→ **Material supplied**
+-------+

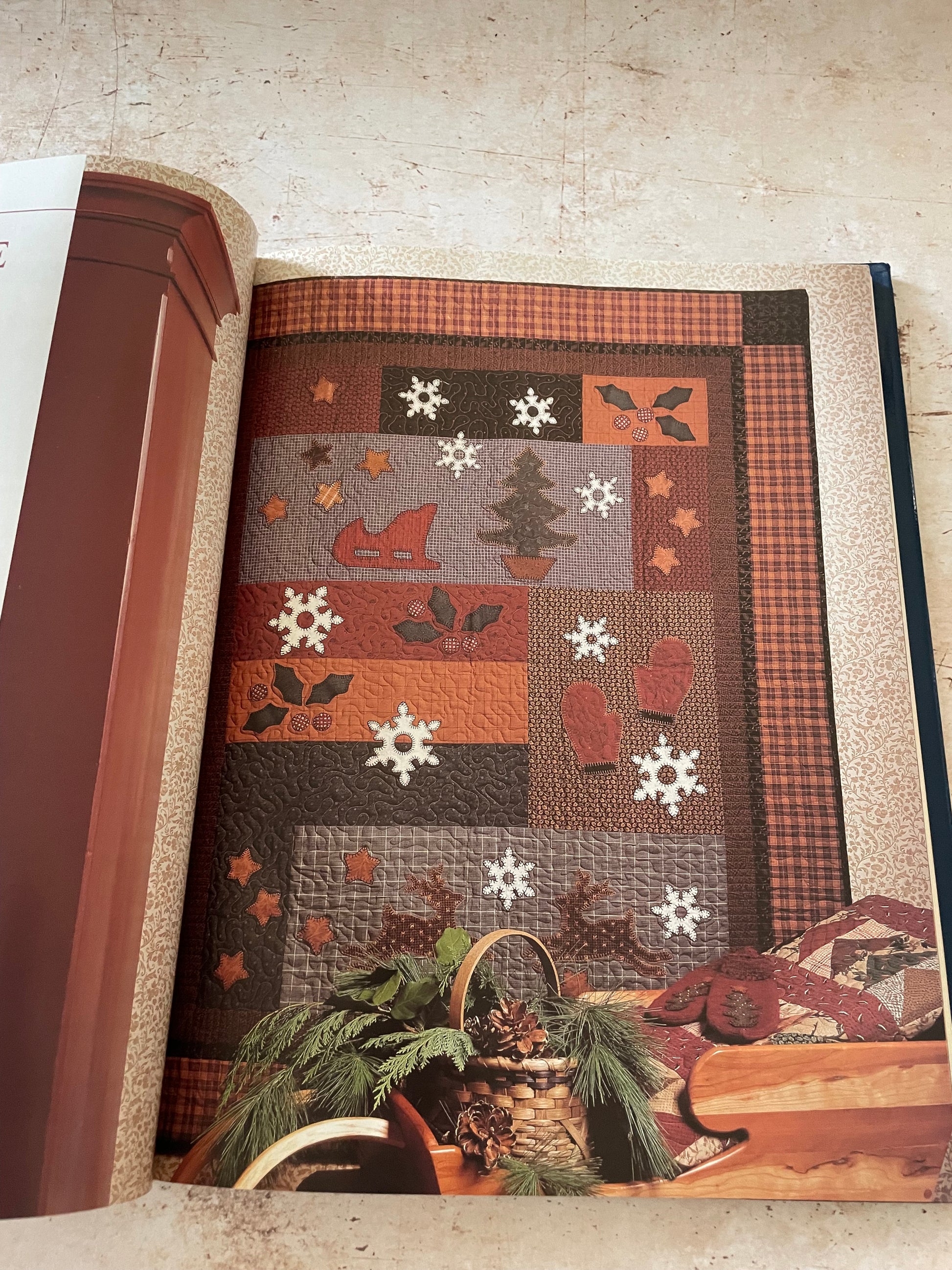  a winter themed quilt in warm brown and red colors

+-------+

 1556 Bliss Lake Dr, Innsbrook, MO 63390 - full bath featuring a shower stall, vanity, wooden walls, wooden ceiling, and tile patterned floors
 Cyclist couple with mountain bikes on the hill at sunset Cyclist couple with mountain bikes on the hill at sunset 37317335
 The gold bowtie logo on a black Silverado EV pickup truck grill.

+-------+

→ **Exercise goal**
Look back at the entries above and repeat, unchanged, every line from the line holding "1556 Bliss Lake" through the line holding "The gold bowtie".

→ **Exercise output**
 1556 Bliss Lake Dr, Innsbrook, MO 63390 - full bath featuring a shower stall, vanity, wooden walls, wooden ceiling, and tile patterned floors
 Cyclist couple with mountain bikes on the hill at sunset Cyclist couple with mountain bikes on the hill at sunset 37317335
 The gold bowtie logo on a black Silverado EV pickup truck grill.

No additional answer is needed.